Hadoop Streaming

Hadoop Streaming
----------------
Hadoop streaming is a utility that comes with the Hadoop distribution. The utility allows you to create and run Map/Reduce jobs with any executable or script as the mapper and/or the reducer. For example:
$HADOOP_HOME/bin/hadoop jar $HADOOP_HOME/hadoop-streaming.jar -input myInputDirs -output myOutputDir -mapper /bin/cat -reducer /bin/wc
How Streaming Works
-------------------
In the above example, both the mapper and the reducer are executables that read the input from stdin (line by line) and emit the output to stdout. The utility will 
create a Map/Reduce job, submit the job to an appropriate cluster, and monitor the progress of the job until it completes.
When an executable is specified for mappers, each mapper task will launch the executable as a separate process when the mapper is initialized. As the mapper task runs, it converts its inputs into lines and feed the lines to the stdin of the process. In the meantime, the mapper collects the line oriented outputs from the stdout of the process and converts each line into a key/value pair, which is collected as the output of the mapper. By default, the prefix of a line up to the first tab character is the key and the rest of the line (excluding the tab character) will be the value. If there is no tab character in the line, then entire line is considered as key and the value is null.

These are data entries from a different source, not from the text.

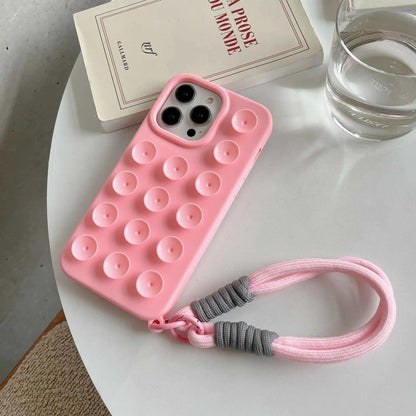 Simple Silicone Suction Cup Lanyard Phone Case for iPhone – Shockproof Protective Cover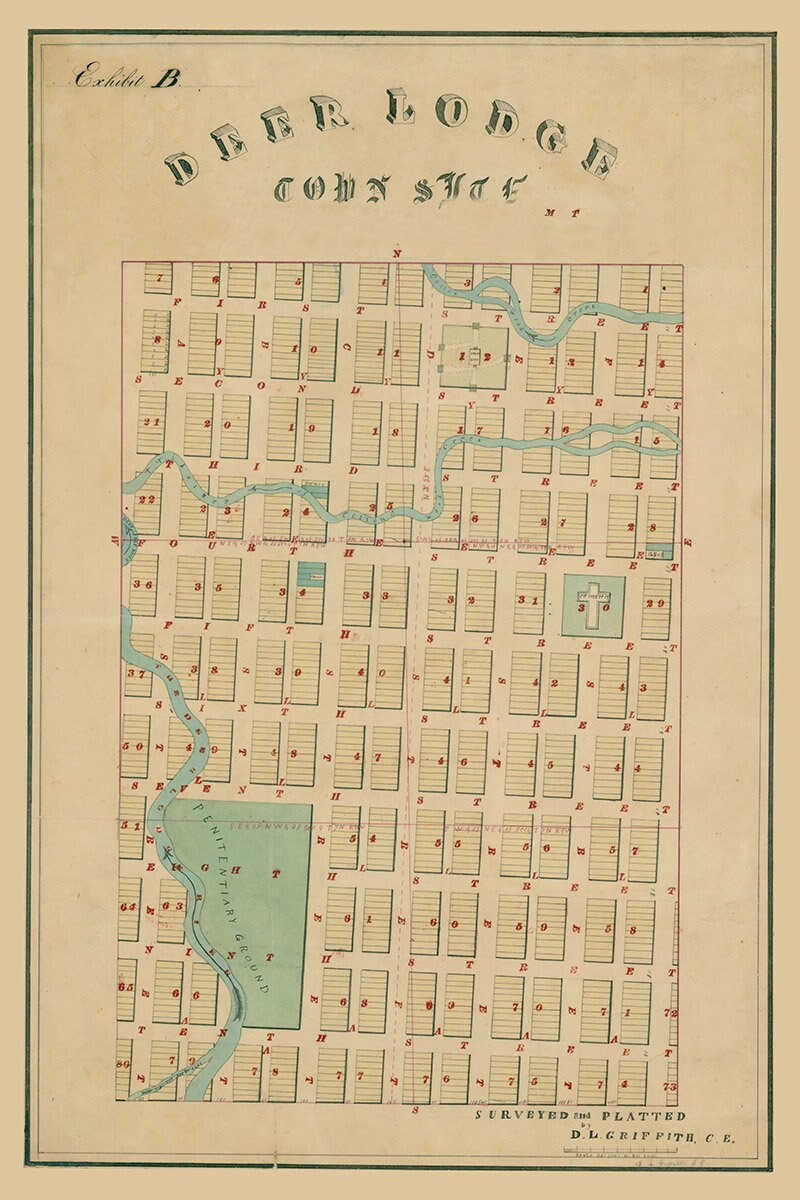 1860s Map of Deer Lodge Montana
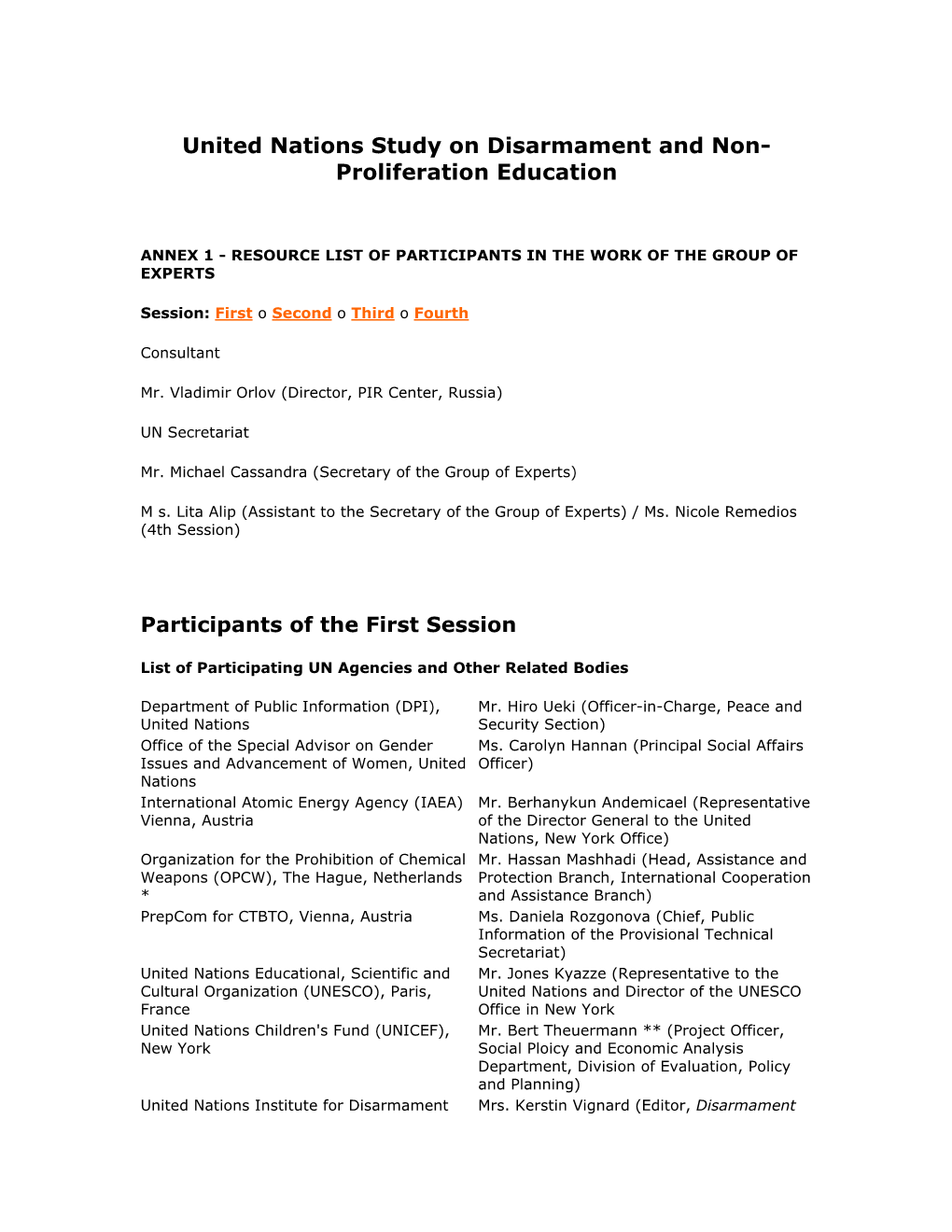 United Nations Study on Disarmament and Non- Proliferation Education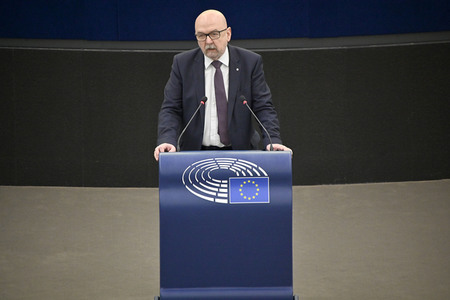 Plenartagung zur militärischen Bedrohung der Ukraine durch Russland im EU-Parlament in Straßburg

Streaming Options can be find as below.
[root@dbversity.com]# hadoop jar /usr/lib/hadoop-mapreduce/hadoop-streaming.jar -info
Usage: $HADOOP_PREFIX/bin/hadoop jar hadoop-streaming.jar [options]
Options:
 -input <path> DFS input file(s) for the Map step.
 -output <path> DFS output directory for the Reduce step.
 -mapper <cmd|JavaClassName> Optional. Command to be run as mapper.
 -combiner <cmd|JavaClassName> Optional. Command to be run as combiner.
 -reducer <cmd|JavaClassName> Optional. Command to be run as reducer.
 -file <file> Optional. File/dir to be shipped in the Job jar file.
 Deprecated. Use generic option "-files" instead.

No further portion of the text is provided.